It’s no coincidence: being open and inclusive is better for business, and better for economic growth. This is not news to many of us in the business world: here at Virgin, more than four decades of experience have shown time and again that employing people with different backgrounds, skills, viewpoints and personalities helps us spot opportunities, anticipate problems and come up with fresh ideas.

And yet, even as we celebrate the great progress being made in some countries, many other parts of the world are becoming less tolerant and inclusive – particularly to gay people, who face increasing levels of persecution in places like Russia, Nigeria, India and Uganda. Anti-LGBT laws are spreading – and this isn’t just immoral, it stifles business growth, and economic development.

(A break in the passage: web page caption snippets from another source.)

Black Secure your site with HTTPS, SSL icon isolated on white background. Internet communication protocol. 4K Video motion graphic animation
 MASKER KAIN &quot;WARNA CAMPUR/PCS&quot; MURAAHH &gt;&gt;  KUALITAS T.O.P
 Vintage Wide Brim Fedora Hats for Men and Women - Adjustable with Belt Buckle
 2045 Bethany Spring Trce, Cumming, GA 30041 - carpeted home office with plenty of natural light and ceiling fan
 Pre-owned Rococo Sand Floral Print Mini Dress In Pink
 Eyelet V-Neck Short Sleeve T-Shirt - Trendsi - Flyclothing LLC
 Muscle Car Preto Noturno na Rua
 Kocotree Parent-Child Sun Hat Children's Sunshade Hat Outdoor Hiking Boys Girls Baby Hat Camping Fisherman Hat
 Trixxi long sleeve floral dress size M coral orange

That’s why I’m proud that Virgin is part of a new business-led coalition called Open For Business, which aims to highlight the strong business case for LGBT inclusion. We’ve teamed up with other global companies such as McKinsey, IBM, LinkedIn, Thomson Reuter and MasterCard, because all of us do business in places that have anti-LGBT policies, and we want to be clear this isn’t acceptable to us.

This week I attended the Clinton Global Initiative Annual Meeting in New York, where Open For Business launched the coalition and announced the publication of its ground-breaking report – Open For Business: the Economic and Business Case for LGBT Inclusion. The evidence is powerful, and it’s presented on three levels:

First, Economic Performance: LGBT inclusion is associated with higher levels of entrepreneurship and is linked to GDP growth, whereas LGBT discrimination often goes hand-in-hand with a culture of corrupt practices and a lack of openness.

Second, Business Performance: companies with a culture of LGBT inclusion are better able to attract and retain the best talent, and they’re often more innovative companies with more effective teamwork and collaboration.

Third, Individual Performance: employees who work in open, inclusive environments are more engaged, more productive and more likely to “speak up” with ideas– and this applies to all employees, not just LGBT individuals.

These findings confirm those of the by the B Team, whose report Diversity: Bringing the Business Case to Life highlights the enormous benefits a diverse workforce can bring to both your bottom line and your organisational culture.

Both reports should be essential reading for politicians in countries with anti-LGBT laws – and for those trying to create more open, diverse and inclusive societies. The promoters of hateful laws often hide behind “cultural differences” and complain that we are trying to impose our Western values. They can’t do that anymore. We’ve moved the argument on. It’s no longer just about values – it’s about good business sense, and good economic policy.